To a certain extent, our success depends upon the general economic conditions in the geographic
market that we serve. Further adverse changes to economic conditions would likely impair loan
collections and may have a materially adverse effect on the consolidated results of operations and
financial position.
The banking industry is highly competitive, with rapid changes in product delivery systems and in
consolidation of service providers. We compete with many larger institutions in terms of asset
size. These competitors also have substantially greater technical, marketing and financial
resources. The larger size of these companies affords them the opportunity to offer some
specialized products and services not offered by us. We are constantly striving to meet the
convenience and needs of our customers and to enlarge our customer base, however, we cannot assure
that these efforts will be successful.
17
Comm Bancorp, Inc.
MANAGEMENTS DISCUSSION AND ANALYSIS (CONTINUED)

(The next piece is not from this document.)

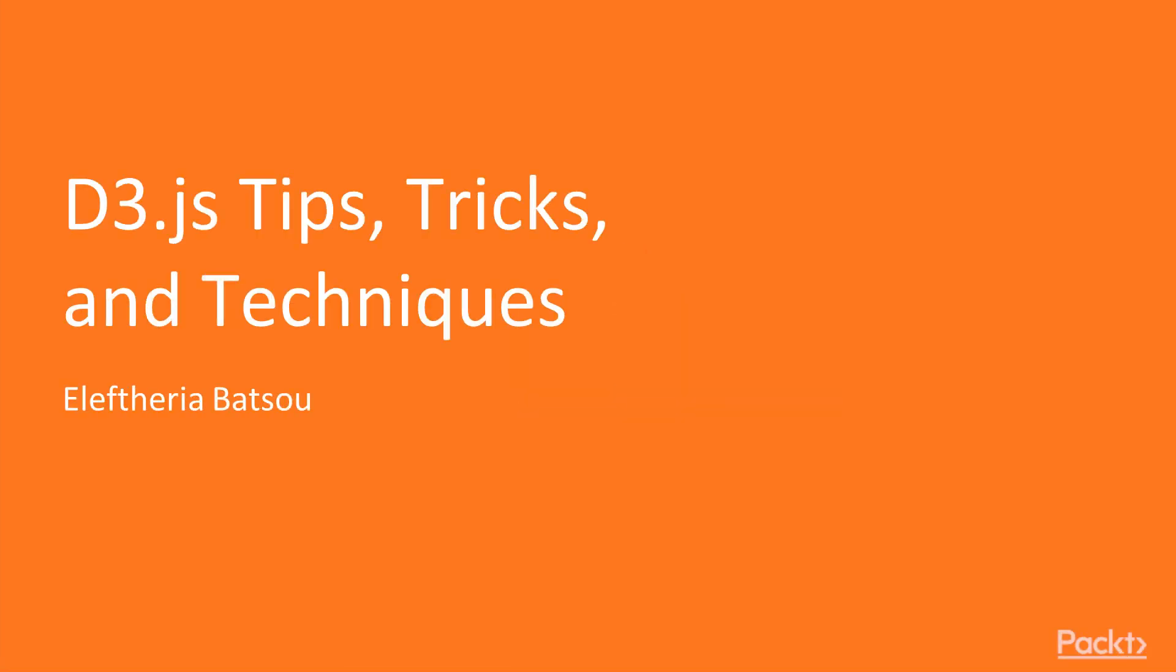Hi, I am Eleftheria and welcome to D3.js Tips, Tricks and Techniques by Packt Publishing.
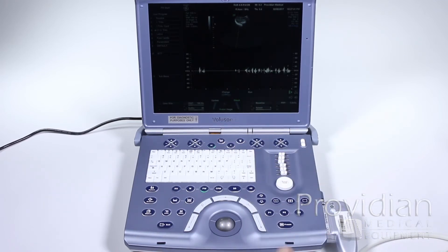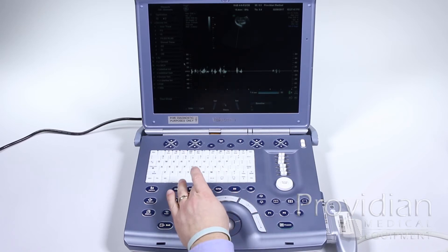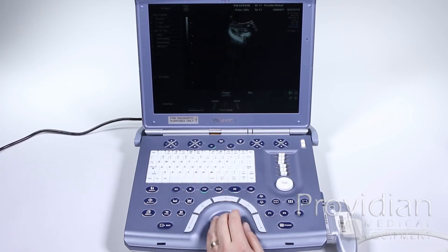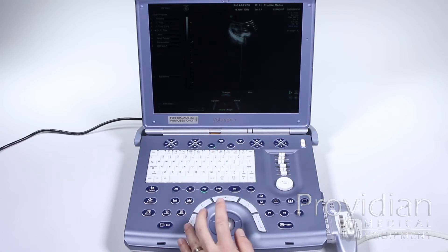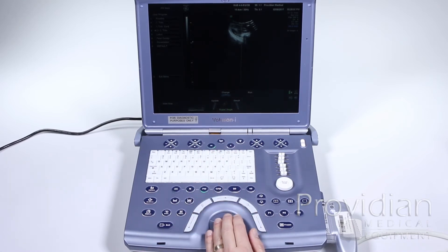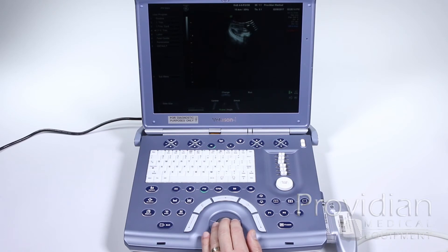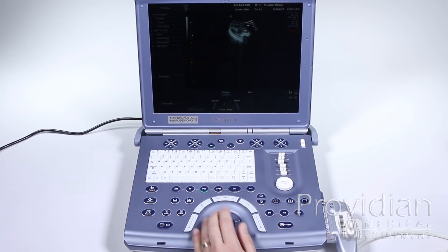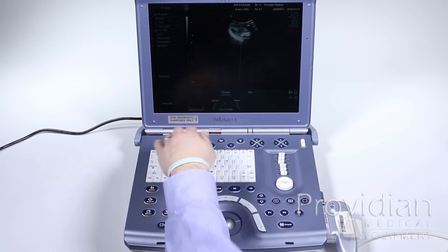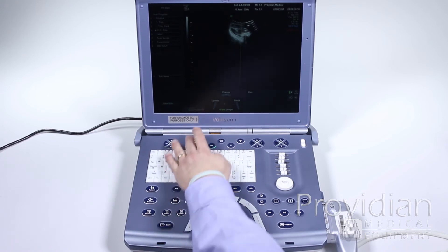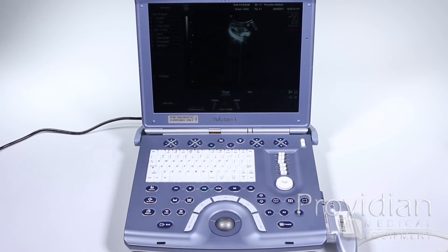You can also use color pulse wave and 2D together to get triplex mode. Going back to PW — we can change the size of the gate or angle using the trackball. The gate size can be adjusted for how large you want that gate to be. There's also audio, and you can change the volume by pressing the volume buttons once you're in live mode.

(Dollars in thousands, except per share data)
Critical Accounting Policies:
Our financial statements are prepared in accordance with GAAP. The preparation of financial
statements in conformity with GAAP requires us to establish critical accounting policies and make
accounting estimates and assumptions that affect the reported amounts of assets and liabilities at
the date of
the financial statements, as well as the reported amounts of revenues and expenses during the
reporting periods.
Accounting estimates require assumptions about uncertain matters that could have a material effect
on the financial statements if a different amount within a range of estimates were used or if
estimates changed from period to period. Readers of this report should understand that estimates
are made considering facts and circumstances at a point in time, and changes in those facts and
circumstances could produce results that differ from when those estimates were made. Significant
estimates that are particularly susceptible to material change in the next year relate to the
allowance for loan losses, fair values of financial instruments and the valuations of real estate
acquired through foreclosure, deferred tax assets and liabilities and intangible assets. Actual
amounts could differ from those estimates.
We maintain the allowance for loan losses at a level we believe adequate to absorb probable credit
losses related to specifically identified loans, as well as probable incurred losses inherent in
the remainder of the loan portfolio as of the balance sheet date. The balance in the allowance for
loan losses account is based on past events and current economic conditions.
The allowance for loan losses account consists of an allocated element and an unallocated element.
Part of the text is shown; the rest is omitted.